— Data excerpts —
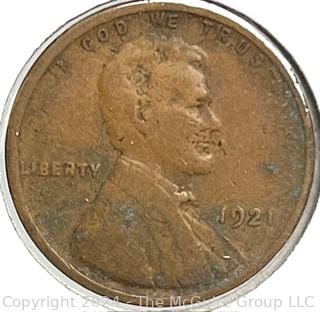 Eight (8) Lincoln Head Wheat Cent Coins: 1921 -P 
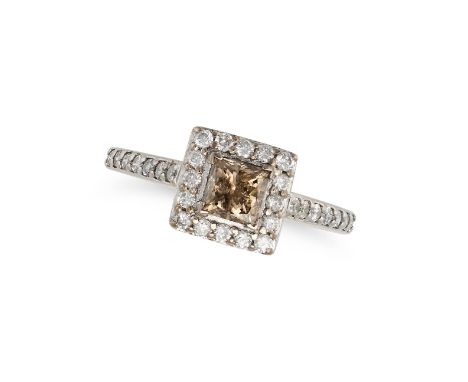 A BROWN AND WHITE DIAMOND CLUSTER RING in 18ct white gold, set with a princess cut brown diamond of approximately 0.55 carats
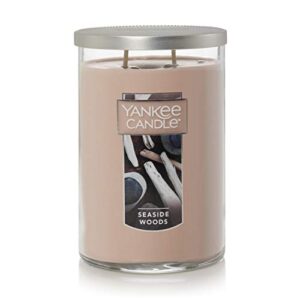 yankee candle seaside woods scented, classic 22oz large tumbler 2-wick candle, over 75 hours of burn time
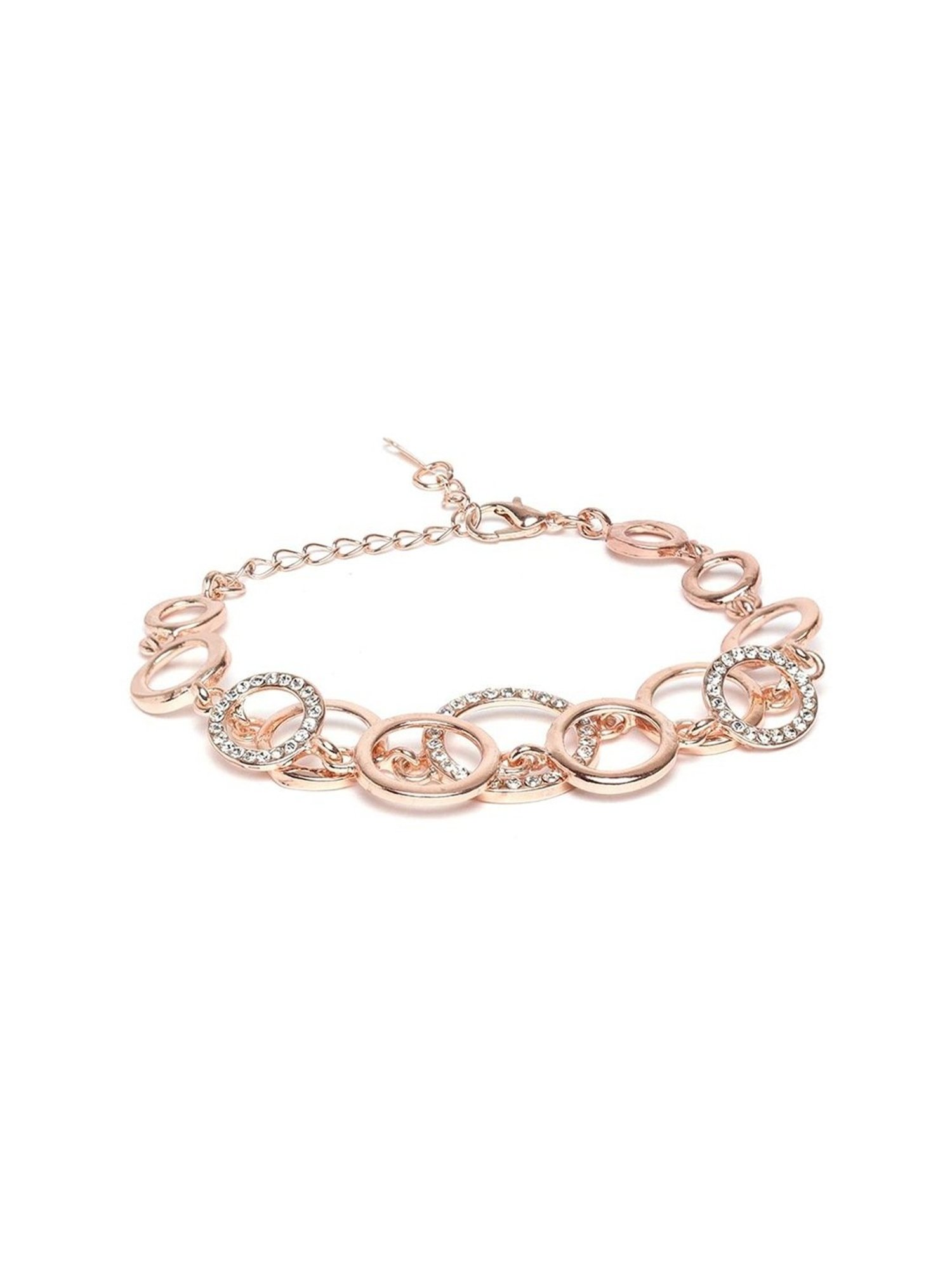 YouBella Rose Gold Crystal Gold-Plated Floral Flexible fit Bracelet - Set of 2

--

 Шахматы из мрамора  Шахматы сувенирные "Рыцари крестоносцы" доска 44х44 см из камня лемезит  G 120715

---

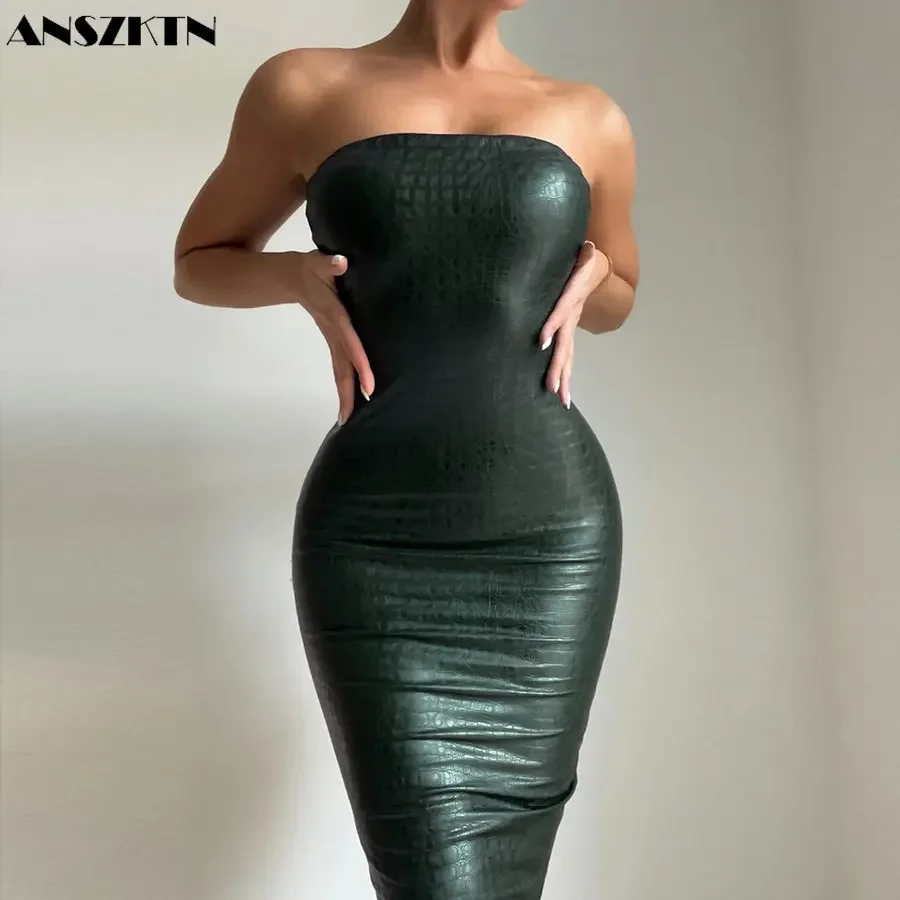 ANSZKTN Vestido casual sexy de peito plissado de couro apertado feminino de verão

— Problem to work on —
Beginning with the line above that contains "Eight (8) Lincoln" and finishing with the line that contains "YouBella Rose Gold", print those lines exactly and only. Skip all pictures.

— Exercise result —
 Eight (8) Lincoln Head Wheat Cent Coins: 1921 -P 
 A BROWN AND WHITE DIAMOND CLUSTER RING in 18ct white gold, set with a princess cut brown diamond of approximately 0.55 carats
 yankee candle seaside woods scented, classic 22oz large tumbler 2-wick candle, over 75 hours of burn time
 YouBella Rose Gold Crystal Gold-Plated Floral Flexible fit Bracelet - Set of 2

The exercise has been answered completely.